WORK REQUEST
Find the "Shelf with Storage" line in the records below and repeat it and every later line exactly, up to the last; do not include pictures.

INPUT RECORDS
*****

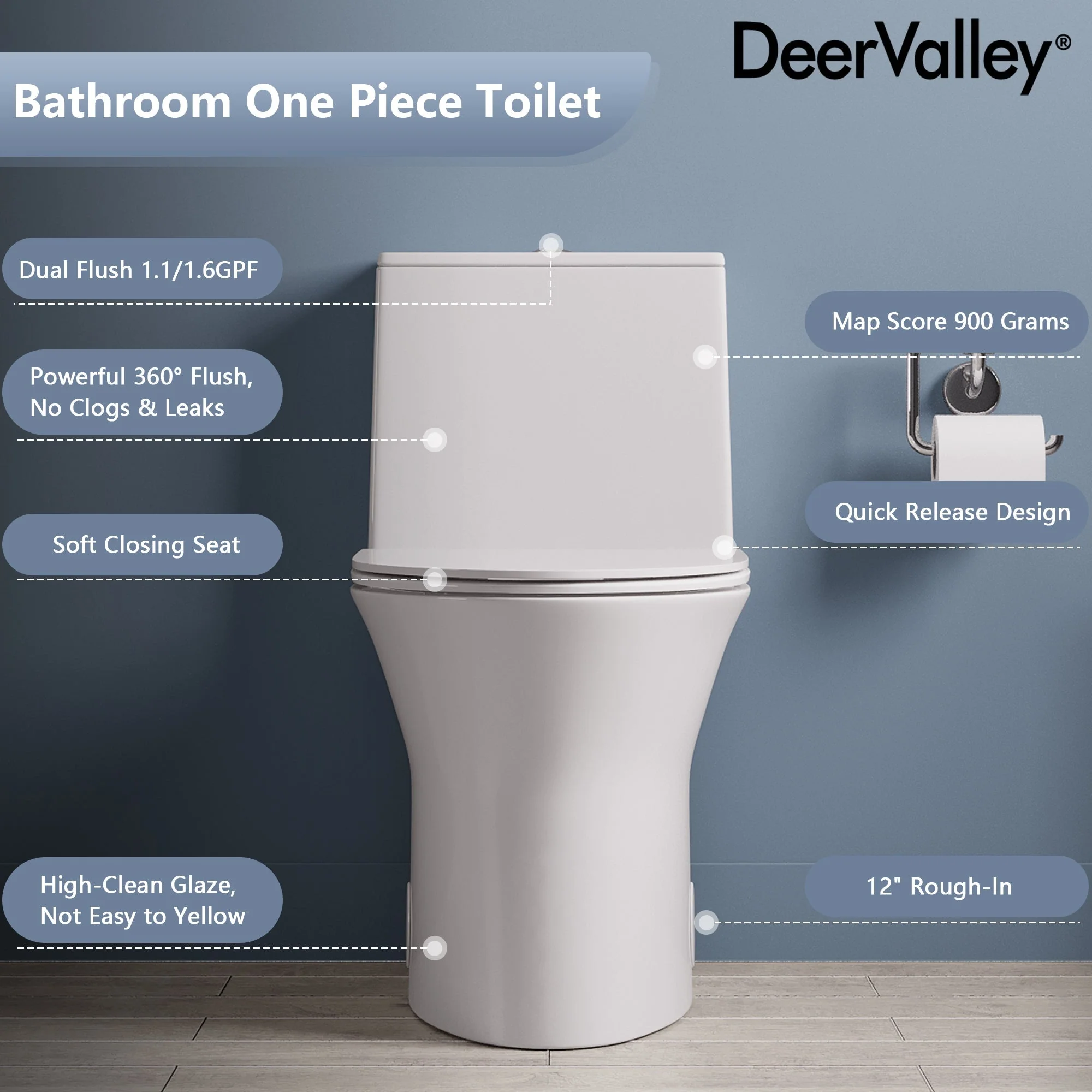 DeerValley DV-1F0250 One-Piece Toilet Soft-Close Seat Skirted Design Dual Flush - Image 9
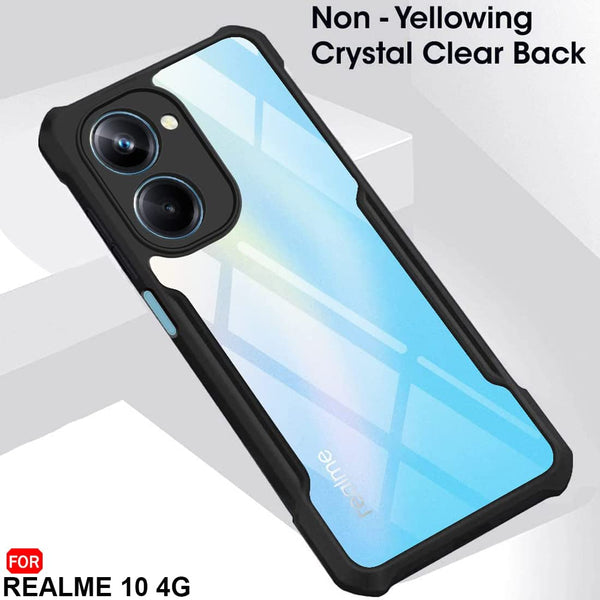 Mobielectro Camera Bump Protection | Slim Stylish 360 Protection Design |Crystal Clear | Shockproof Eagle Back Cover for Realme 10 4G - Black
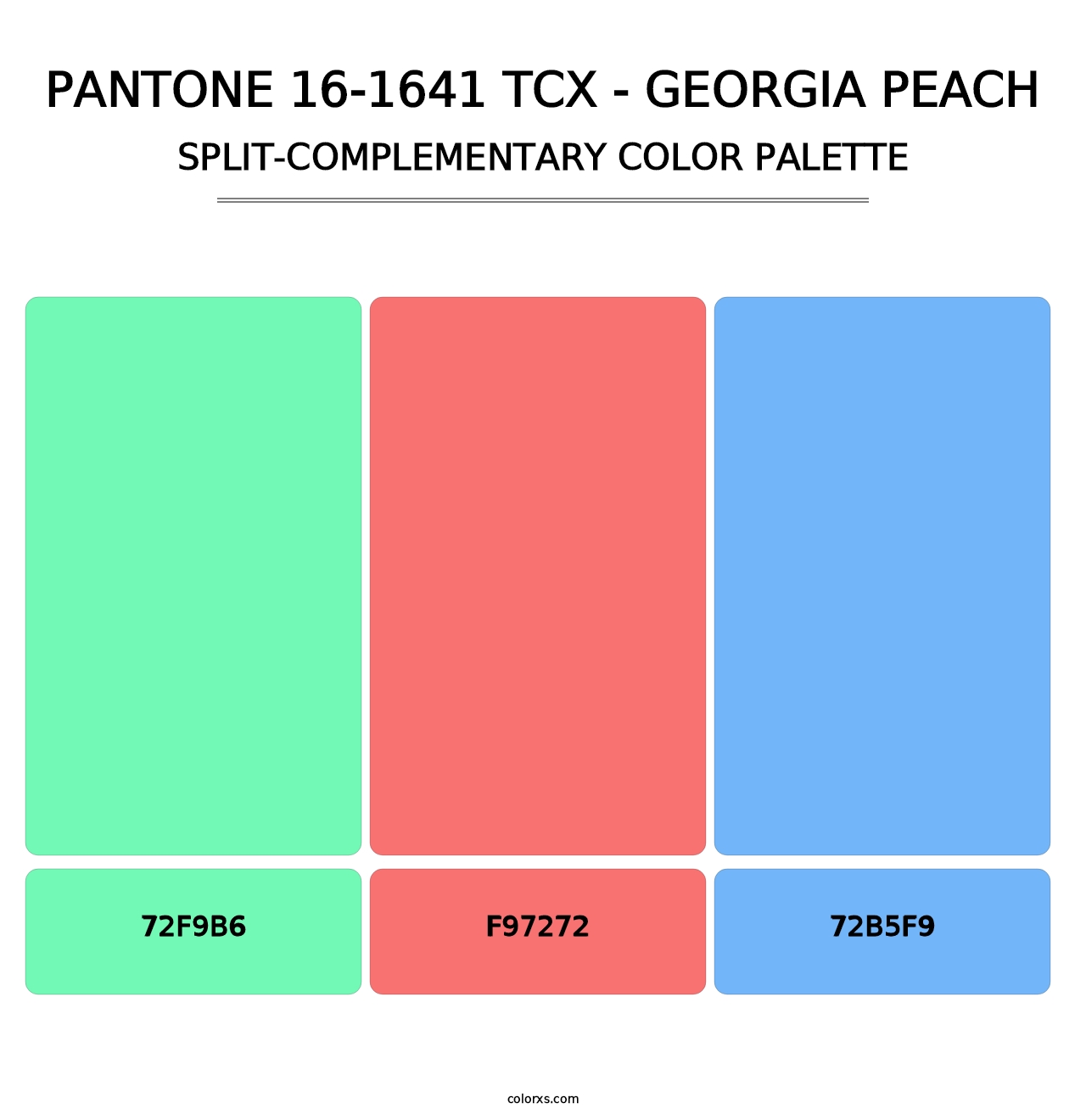 PANTONE 16-1641 TCX - Georgia Peach - Split-Complementary Color Palette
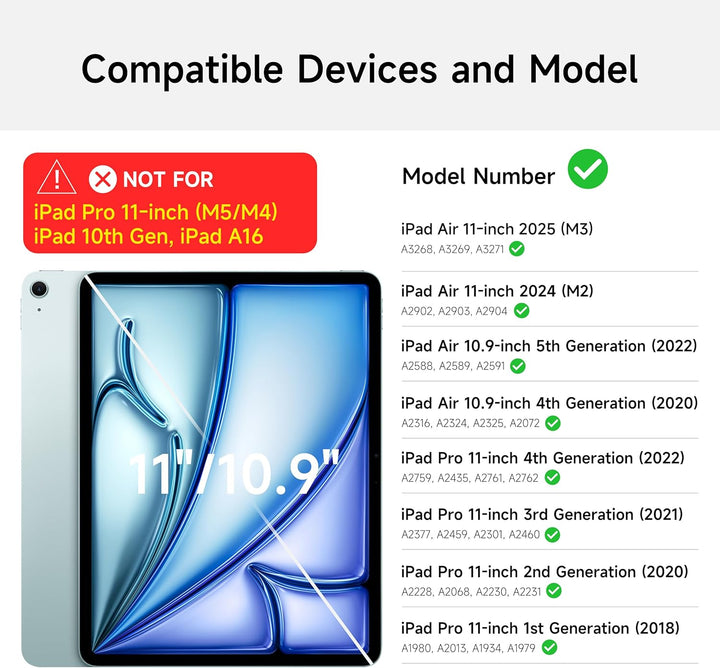 Tastatur Hülle für iPad Air 11 Zoll (M3 2025/M2 2024), Air 5./4. Gen., iPad Pro 11 Zoll 4./3./2./1.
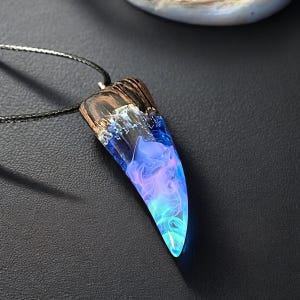 Aurora Borealis Wood Resin Pendant: Glow in the Dark Necklace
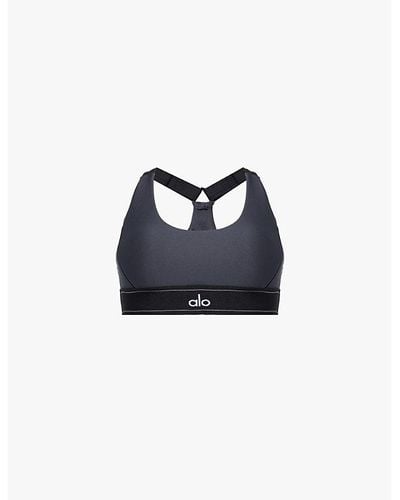 Alo Yoga Airlift Suit Up Branded-underband Stretch-jersey Bra - Blue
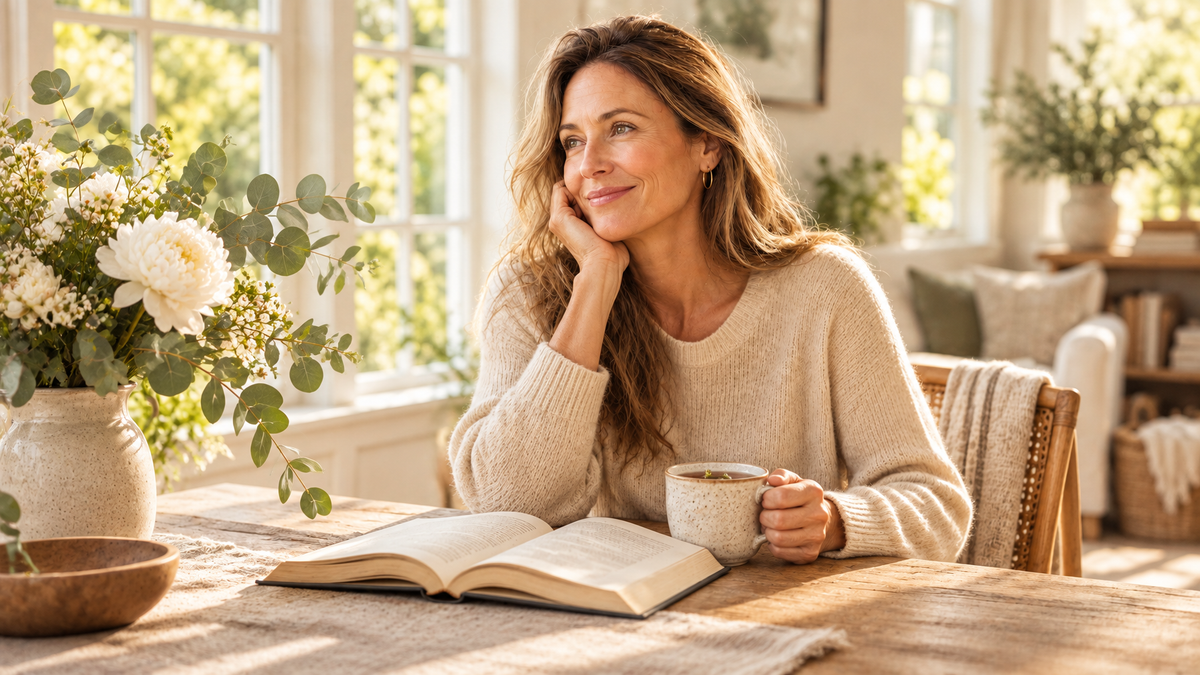 Serene woman in her 50s enjoying a warm morning tea in a bright sunlit kitchen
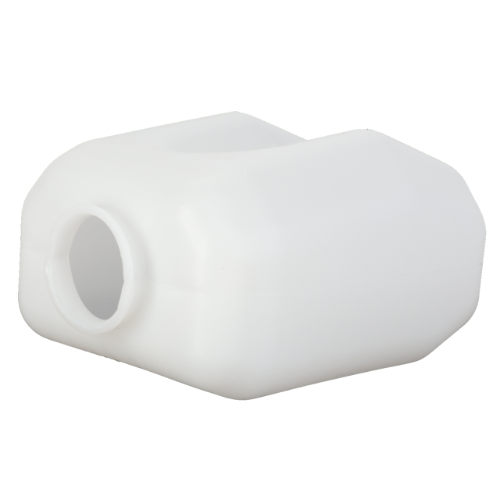 A white plastic jerry can with an open spout, reminiscent of the sturdy containers used in Massey Ferguson's 1000 Series, oriented horizontally and viewed from an angle. This is the AGCO branded Massey Ferguson - Water Bottle - 1897101M1.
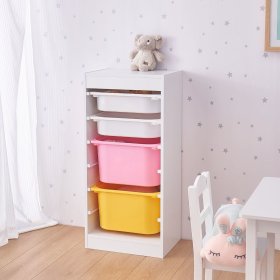 Shelf with Storage Boxes Tower - Pink / Yellow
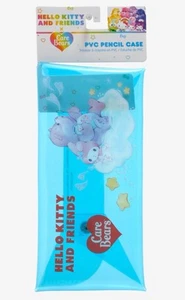 Hello Kitty and Friends Care Bears Translucent Blue Pencil Case Sanrio PVC New - Picture 1 of 5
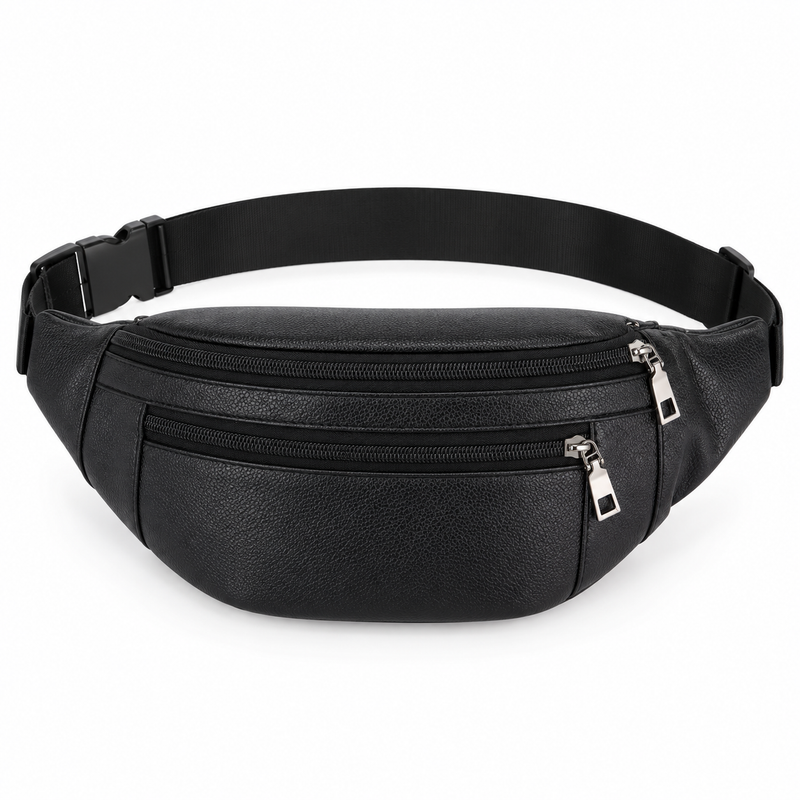 Black Textured Double Zipper Waist Bag-4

*****

WRITTEN SOLUTION
 Shelf with Storage Boxes Tower - Pink / Yellow
 Hello Kitty and Friends Care Bears Translucent Blue Pencil Case Sanrio PVC New - Picture 1 of 5
 Black Textured Double Zipper Waist Bag-4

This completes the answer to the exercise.